İkinci Dünya Savaşı sonrası Almanya’sında geçen The Reader’ın İngilizce dil tercihi filmin anlatısını ister istemez yaralıyordu; Anna Karenina’nın self-reflective anlatımı, gerçeküstü  –modernin aklındaki gerçek klasik dönem imajı- oyuncu jestleri ile sahne sahne –Oblonsky’nin ‘Rusya’nın ruhu’ olan  evrak işleriyle çevrili bürosu gibi- müzik desteğiyle birlikte mizahi bir yön de taşıyan stili ile, Rusya’nın İngilizce ile örülü oluşunun da rahatsızlık vermesi önleniyor. Yönetmenin şaşılası gücü.

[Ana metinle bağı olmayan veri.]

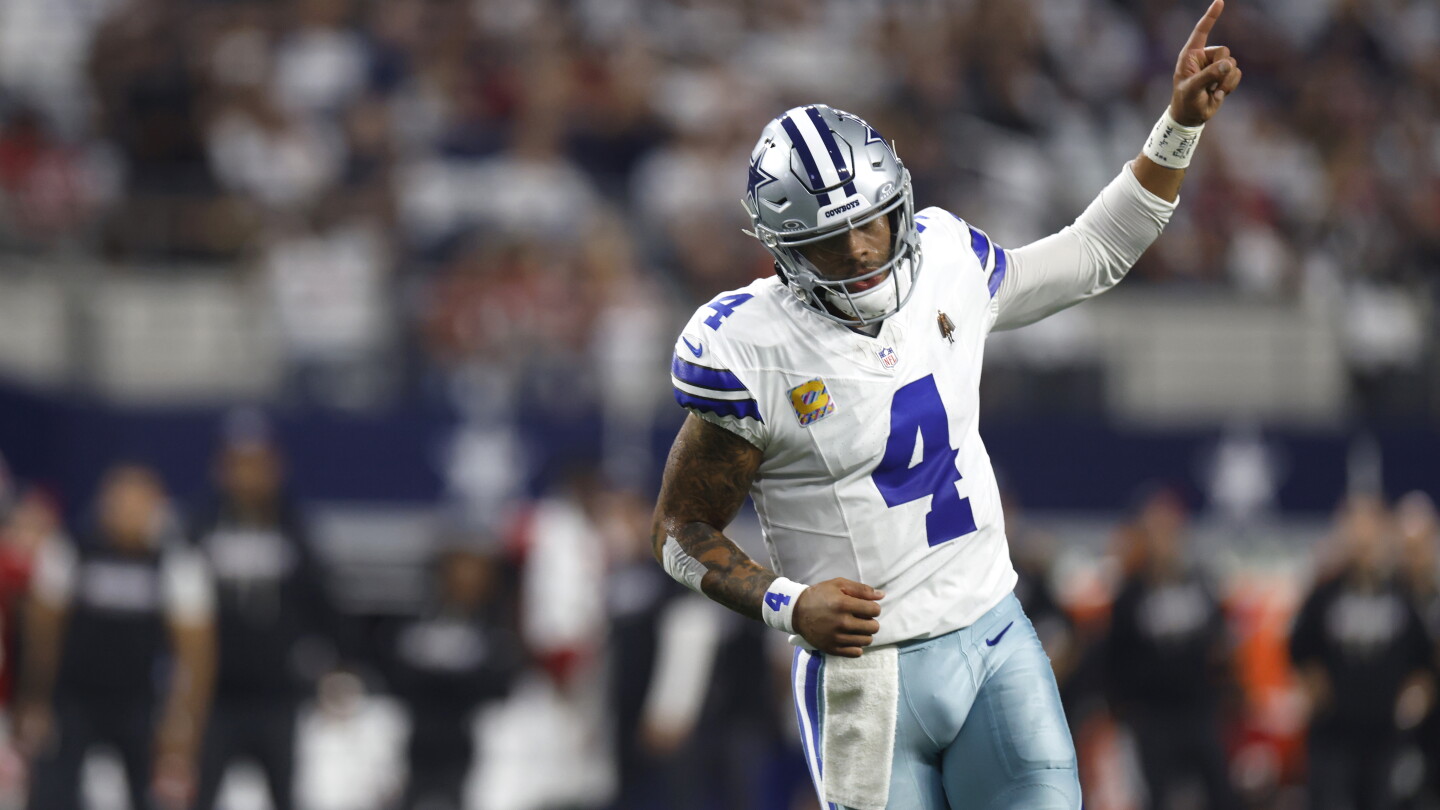Cowboys vs Packers Odds, expert picks, team and player news, betting trends, and stats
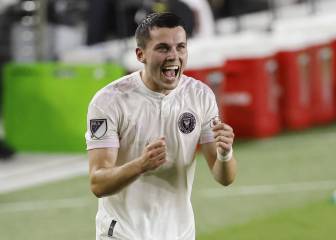 Miami liga su segunda victoria con Higuaín como capitán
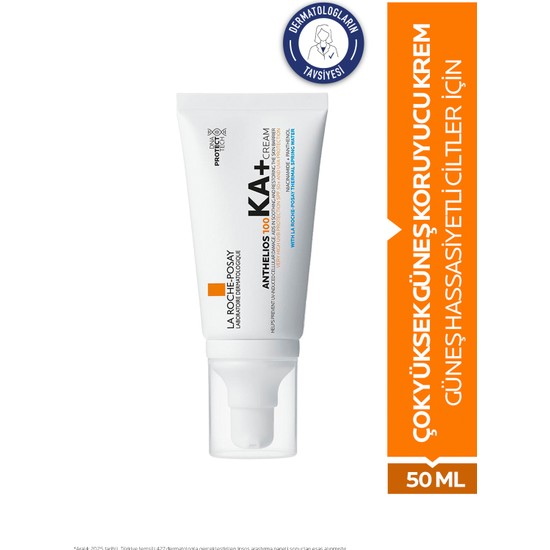 La Roche-Posay LRPANTH. KA+ COS SPF50-50ML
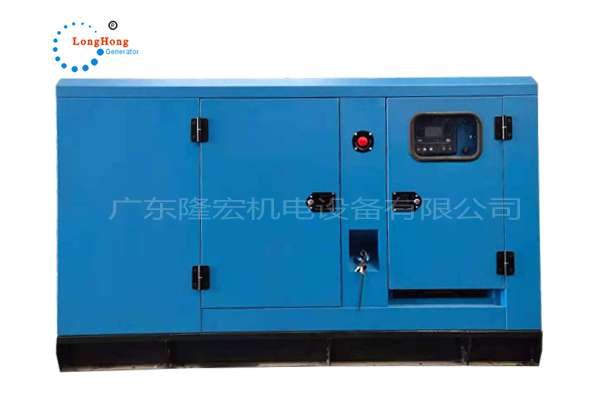 Silent type Weichai power 50KW generator, all copper brushless with four protection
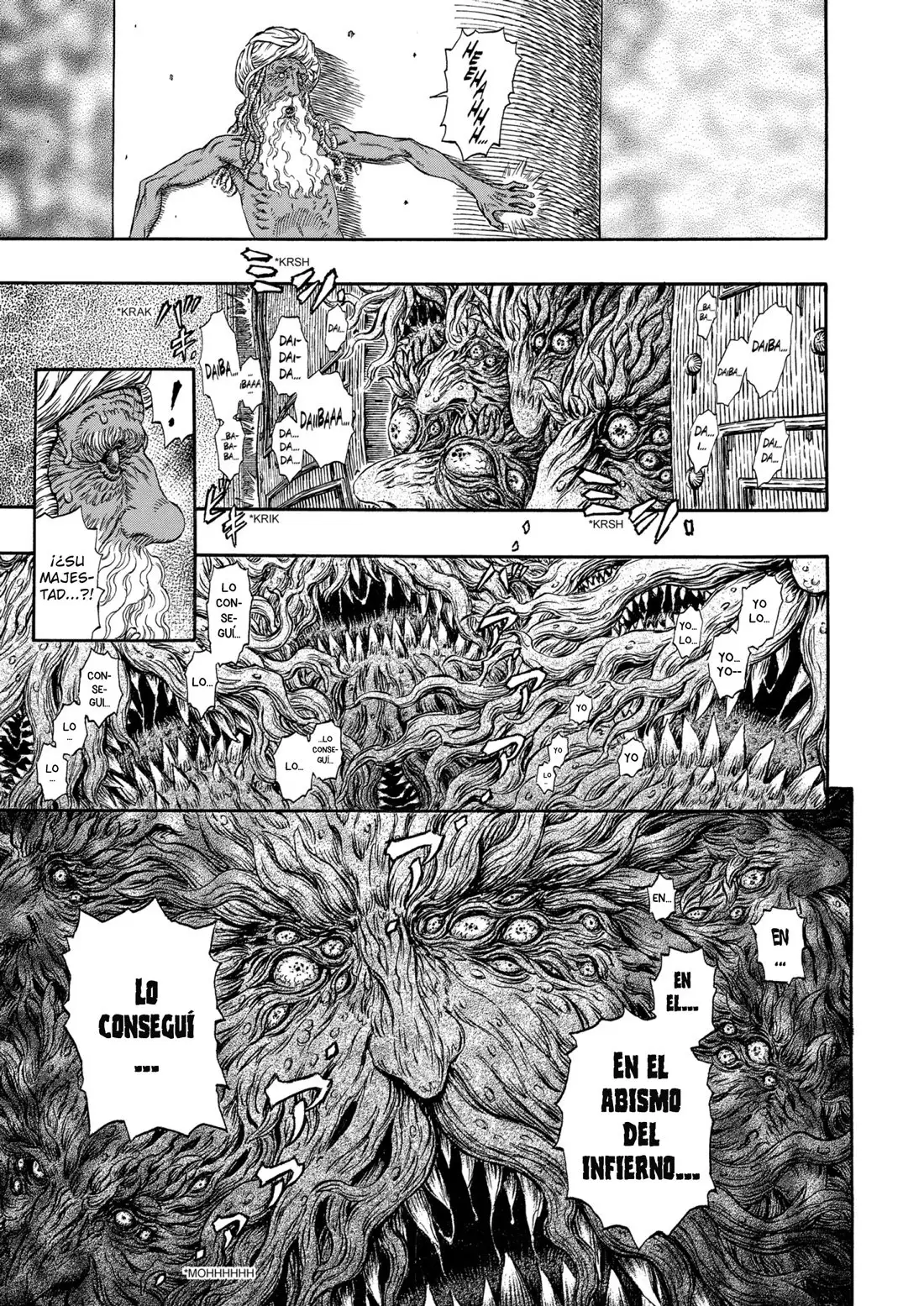 Las Emocionantes Aventuras de Marley capítulo 295, página 6
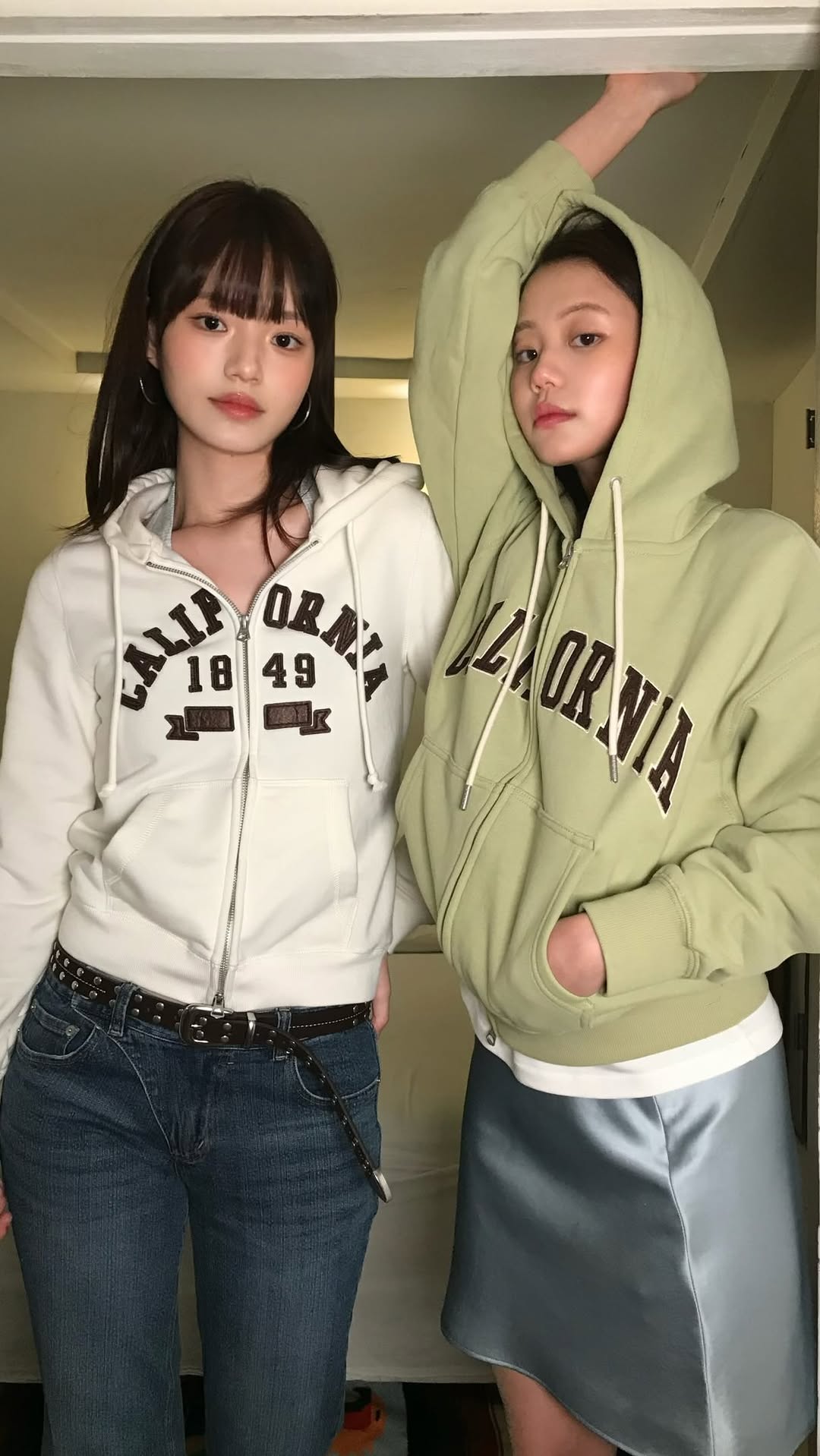 후아유 광고 소재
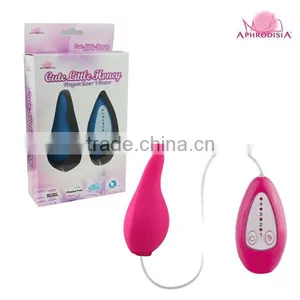 High Quality 4 Speed Vibration Silicone Love Vibrator thumbnail-2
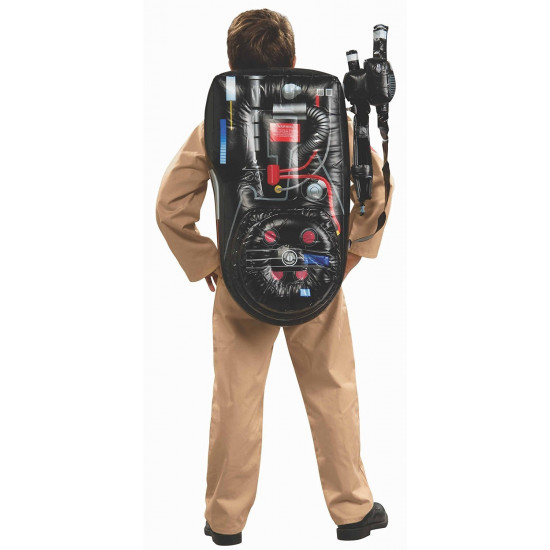 Arma Os Caça Fantasmas Ghostbusters Inflável Mochila Arma Os Caça Fantasmas Ghostbusters Inflável Mochila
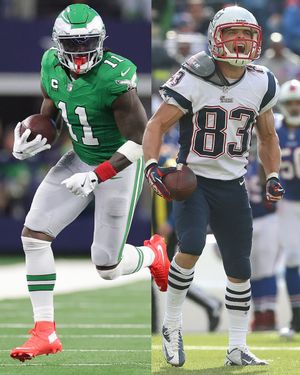 Image post by @ESPNNFL on Twitter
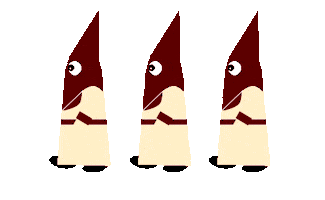 Semana Santa Papon Sticker by El Rincón del Papón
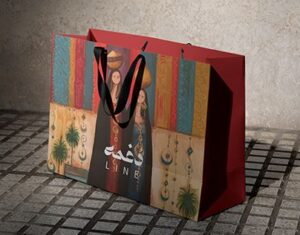 ساک دستی اختصاصی 9 ساک خرید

Yönetmenin kattığı en hakiki seslerden biri ise ele alınan öykünün dönüm noktalarını oluşturan dinamiklerde, aşkın ve tren öncelemesinin yansıtılışlarında kendini gösteriyor; filmin mekânda sınır tanımazlığı Anna’nın endişelerinin gölgesinden korkutucu bir trenin geçmesine zemin sağlarken, tren sesinin kullanımı da dönüm noktalarını zihne kazıyor.

Joe Wright ve senaryo yazarı Tom Stoppard, Anna Karenina’nın Tolstoy’dan sonra rastladığı en özgün anlatıcılar olabilir.